Écrire le monde avec Bernard Noël

L’écriture de notation saisit le monde tel celui qui écrit le perçoit ; je fais travailler perception et saisie selon l’angle du regard en m’appuyant sur le travail de Bernard Noël.

Donner à voir…

Je m’appuie sur les mots d’Effing, l’aveugle irascible de Moon Palace (Paul Auster), lorsqu’il exige que le jeune homme l’accompagnant dans les rues lui décrive ce qu’il voit : « Sacredieu mon garçon, servez-vous de vos yeux ! Je ne vois rien et vous vous contentez de me débiter des sornettes à propos de « réverbères standards » et de « plaques d’égouts parfaitement ordinaires ». Il n’existe pas deux choses identiques, n’importe quel abruti sait cela. Je veux voir ce que nous regardons, sacredieu, je veux que vous me rendiez ces objets perceptibles ! »

Puis, avec Bernard Noël, j’avance la question du regard. 

« La vue n’est pas un constat, c’est une lecture.
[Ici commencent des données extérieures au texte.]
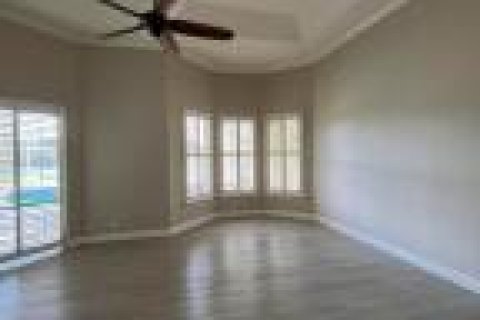 House in Coral Springs, Florida 6 bedrooms, 367.43 sq.m. № 2083533 - photo 23
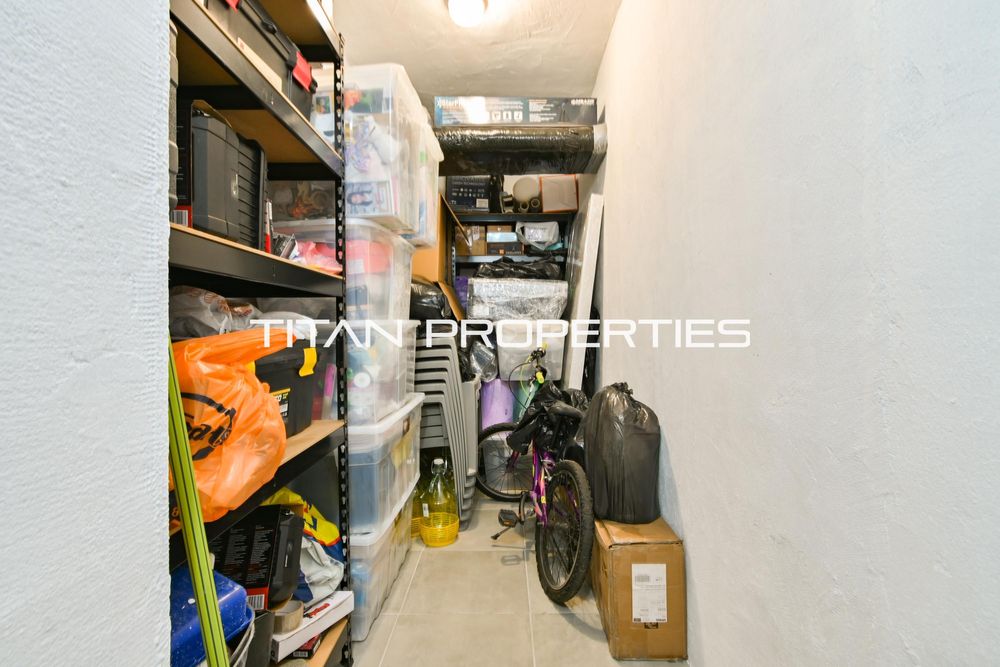 Продава се Тристаен апартамент в София, Люлин 8 - 100 кв.м за 3000 €/кв.м - Снимка #19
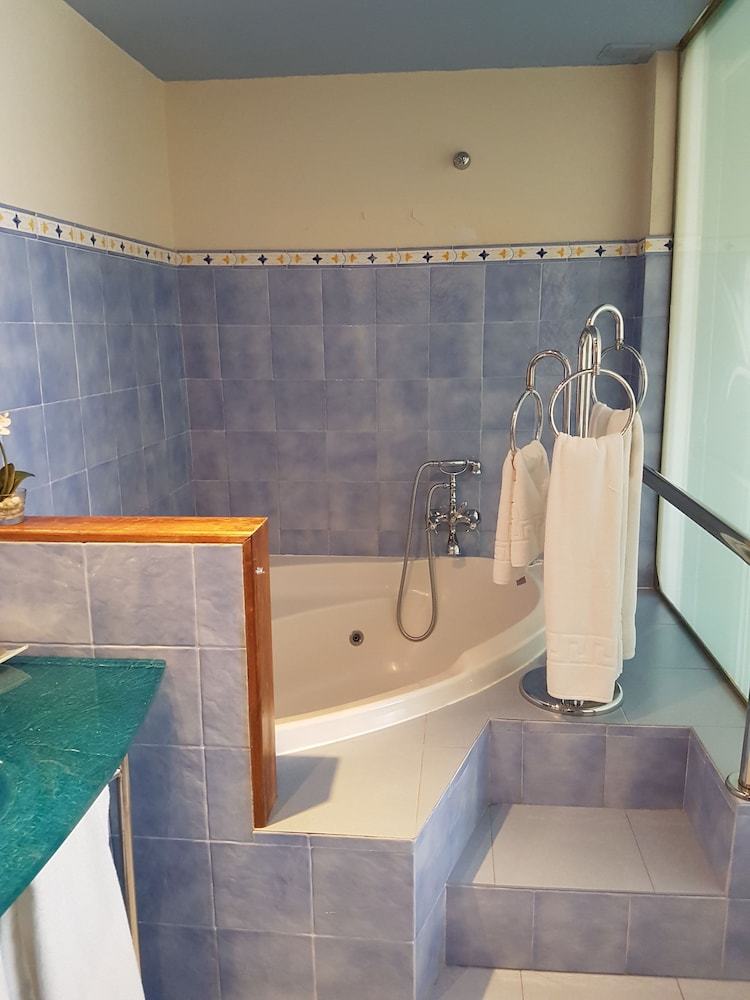 Albergue Hotel-residencia Alvargonz�lez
Nous lisons le visible tout en croyant regarder la réalité. »

« Ce que nous voyons ressemble à ce que nous pensons comme ressemblent à la pensée du peintre les choses qu’il a figurées sur sa toile. »

Passant par la subjectivité du regard, la saisie sensible du réel permet d’envisager un monde parsemé de signes — décryptable.
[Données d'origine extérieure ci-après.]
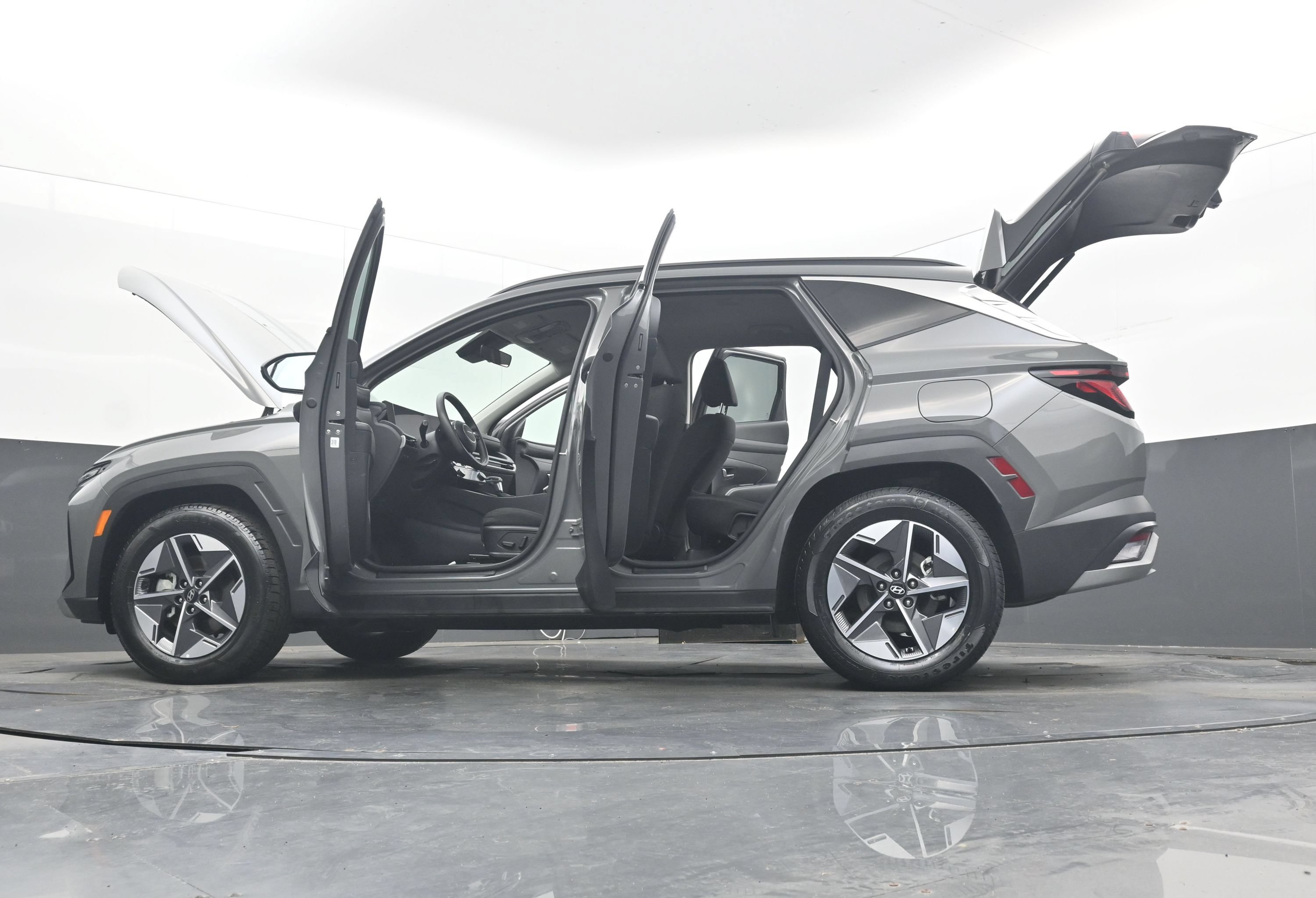 Used 2025 Hyundai Tucson SEL FWD image 44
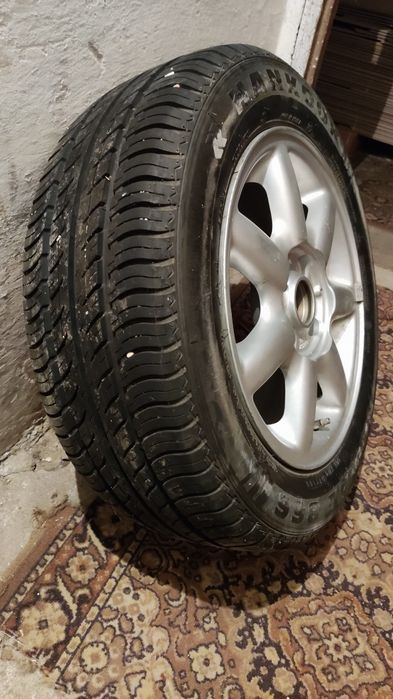 Продам литой диск R14 с резиной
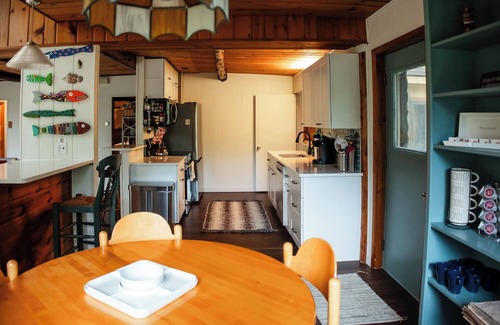 Hamburg Township Casa | Charming 2-bedroom house with King Bed, Kayaks, Fishing, AC,20 mins to Ann Arbor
« Nous voyons moins le monde que le sens qu’a pour nous la partie du monde que nous regardons. »

Un monde insaisissable dans son entièreté, mais « lisible » par chacun — nommable.

« Ce qui est devant nos yeux, et que nous appelons la réalité, ressemble à ce qui est derrière eux, et que nous appelons la mentalité. Seulement notre mentalité sélectionne, précipite, cristallise, abstrait à une vitesse telle que nous oublions le processus. Avant d’apprendre à parler, chacun de nous a vu. Et c’est du regard que procède la parole. »
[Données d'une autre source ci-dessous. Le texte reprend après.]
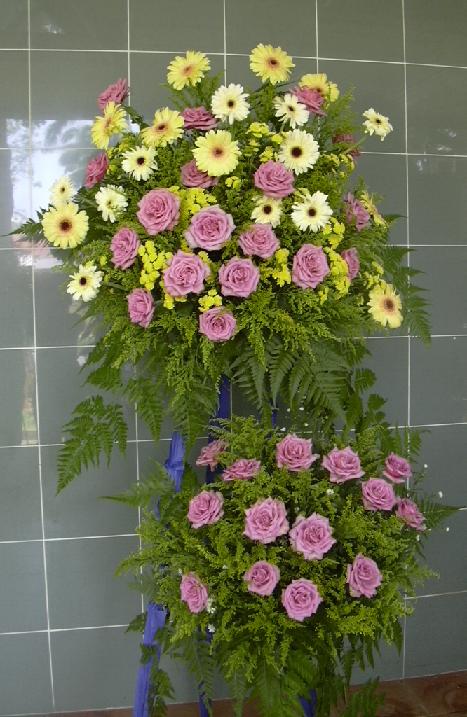 Funeral+Flowers+Arrangement+19+Peaceful+Memories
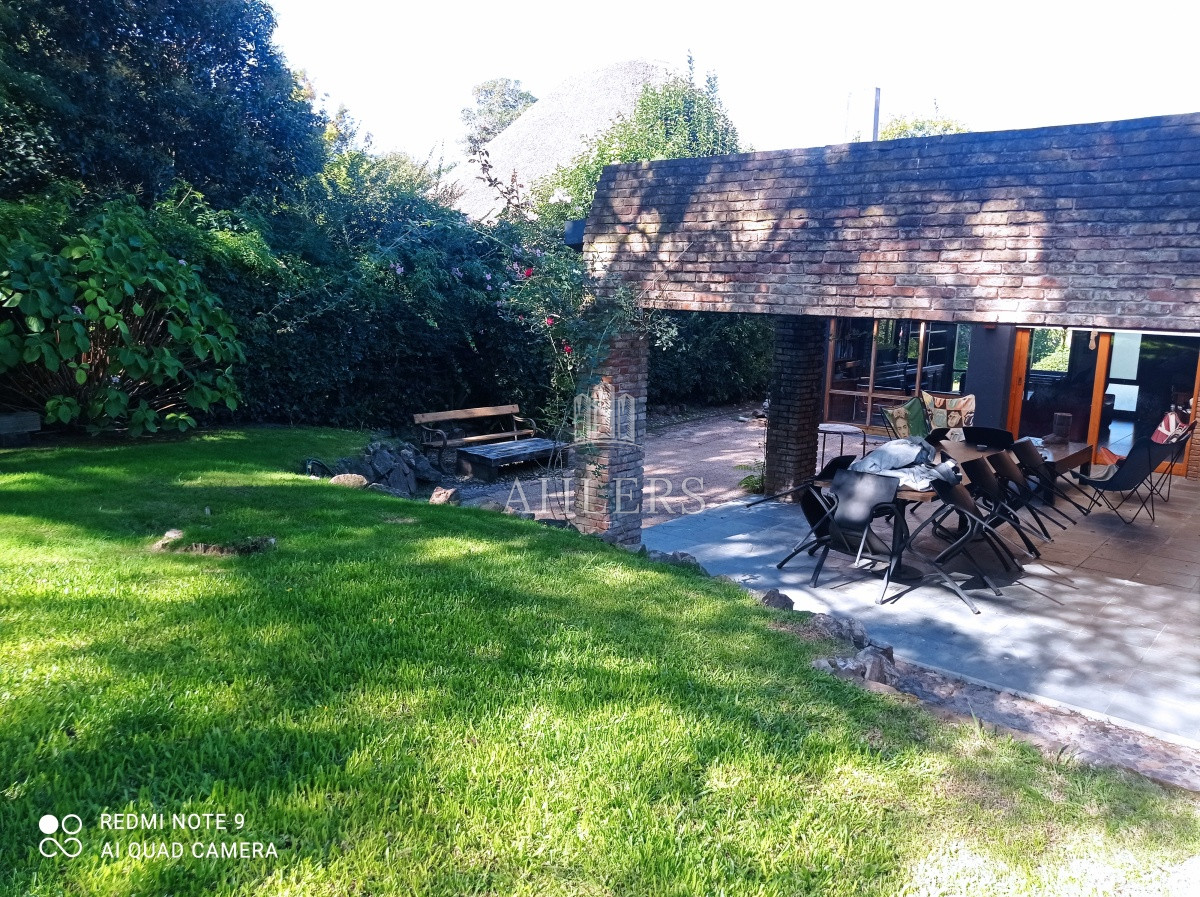 Casa ID.110 - Casa en Punta del Este, Jardines de Córdoba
Dans les ateliers d’écriture littéraire, nous cherchons comment caractériser les regards.

Énoncer, dire.

« Voir, dit le Petit Robert, c’est percevoir les images des objets par le sens de la vue. Voir, dit Littré, c’est recevoir les images des objets par le sens de la vue. »

De l’énonciation des regards, nous cheminons vers les points de vue, la narration.

« Les mots nous permettent de faire se rencontrer des choses qui jamais ne se rencontrèrent, et cette rencontre irréelle devient la réalité de la pensée. »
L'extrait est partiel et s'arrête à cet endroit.